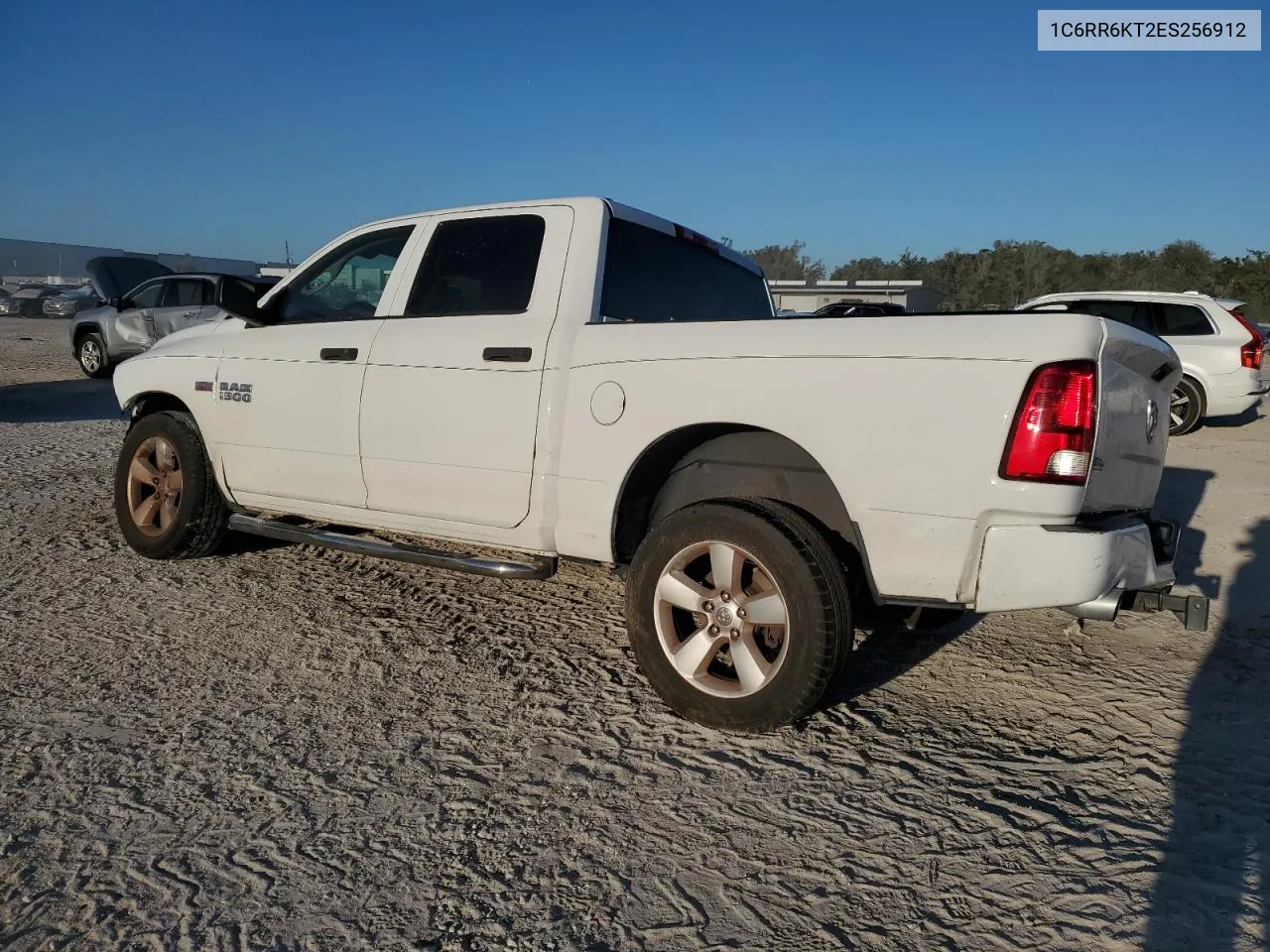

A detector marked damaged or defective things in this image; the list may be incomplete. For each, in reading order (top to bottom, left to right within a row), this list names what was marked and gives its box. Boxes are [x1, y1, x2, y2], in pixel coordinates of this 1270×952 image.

damaged toyota truck [106, 197, 1199, 734]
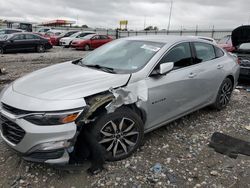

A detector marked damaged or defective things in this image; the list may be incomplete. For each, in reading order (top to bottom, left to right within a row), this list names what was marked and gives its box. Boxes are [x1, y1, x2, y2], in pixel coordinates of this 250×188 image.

broken headlight [23, 109, 82, 125]
crumpled hood [12, 61, 130, 100]
wrecked vehicle [0, 35, 240, 166]
wrecked vehicle [231, 25, 250, 81]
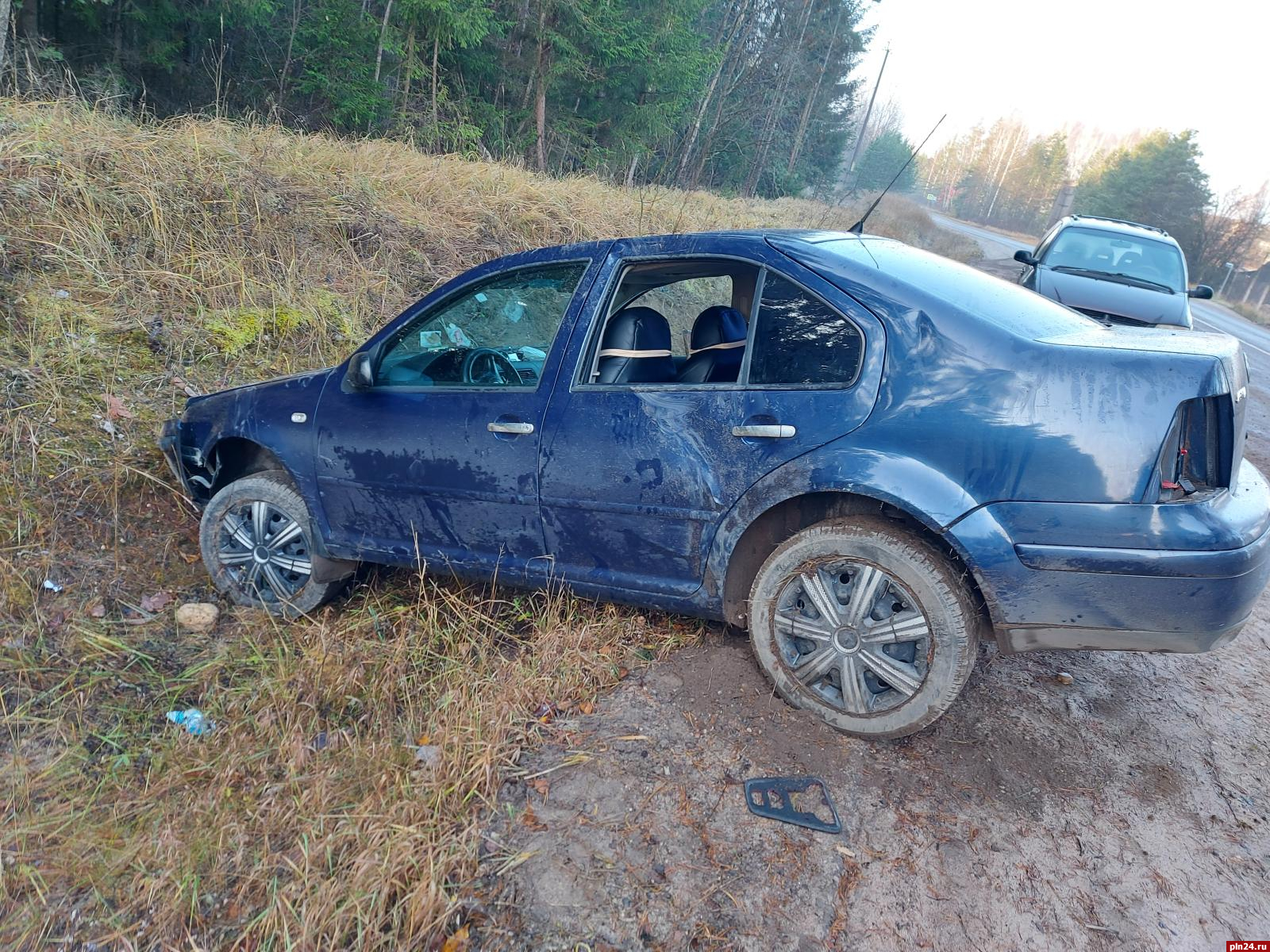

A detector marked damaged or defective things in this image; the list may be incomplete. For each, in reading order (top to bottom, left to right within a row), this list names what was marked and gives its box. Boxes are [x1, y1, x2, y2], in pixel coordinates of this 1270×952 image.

damaged blue car [161, 229, 1270, 736]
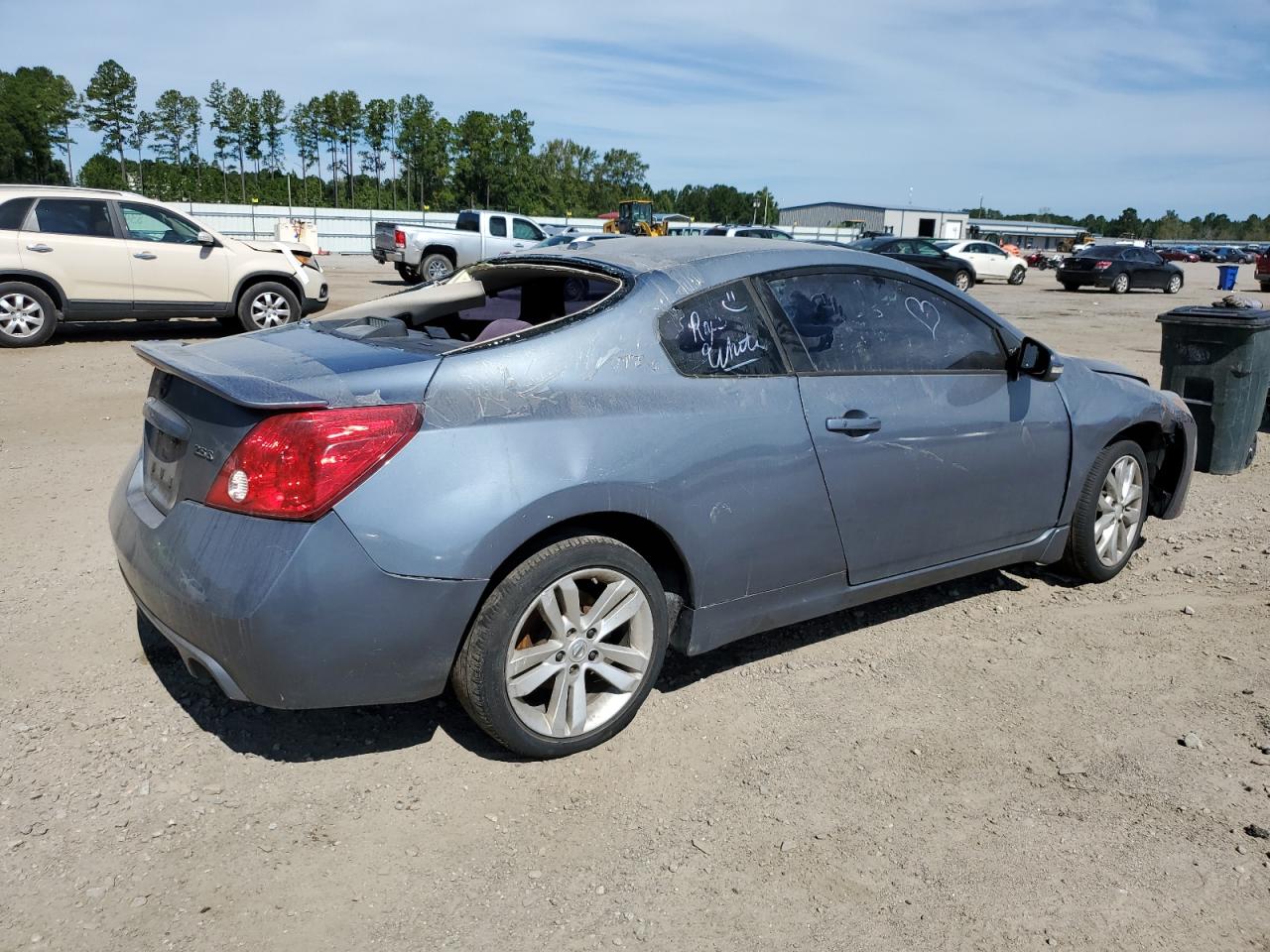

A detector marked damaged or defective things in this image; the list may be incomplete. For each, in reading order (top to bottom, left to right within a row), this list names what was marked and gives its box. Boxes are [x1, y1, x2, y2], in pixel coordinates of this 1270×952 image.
::::::::::
■ **Try it**
Type the entries again verbatim. Any pictures should be skipped.

■ **Your solution**
A detector marked damaged or defective things in this image; the list may be incomplete. For each, in reading order (top to bottom, left to right within a row), this list names what was marked and gives its box. Boxes are [x1, y1, x2, y2], in pixel coordinates of this 1270×952 image.

damaged toyota truck [106, 197, 1199, 734]

A detector marked damaged or defective things in this image; the list may be incomplete. For each, in reading order (top to bottom, left to right within a row), this list names what was marked and gives its box. Boxes are [x1, y1, x2, y2], in pixel coordinates of this 250×188 image.

broken headlight [23, 109, 82, 125]
crumpled hood [12, 61, 130, 100]
wrecked vehicle [0, 35, 240, 166]
wrecked vehicle [231, 25, 250, 81]

A detector marked damaged or defective things in this image; the list may be incomplete. For each, in reading order (top to bottom, left to right within a row), this list names what was marked and gives its box. Boxes are [x1, y1, x2, y2], in pixel coordinates of this 1270×952 image.

damaged blue car [161, 229, 1270, 736]

A detector marked damaged or defective things in this image; the list may be incomplete. For each, in reading order (top to bottom, left to right within a row), this list names what was marked and gives its box. Boxes are [x1, y1, x2, y2], in pixel coordinates of this 1270×952 image.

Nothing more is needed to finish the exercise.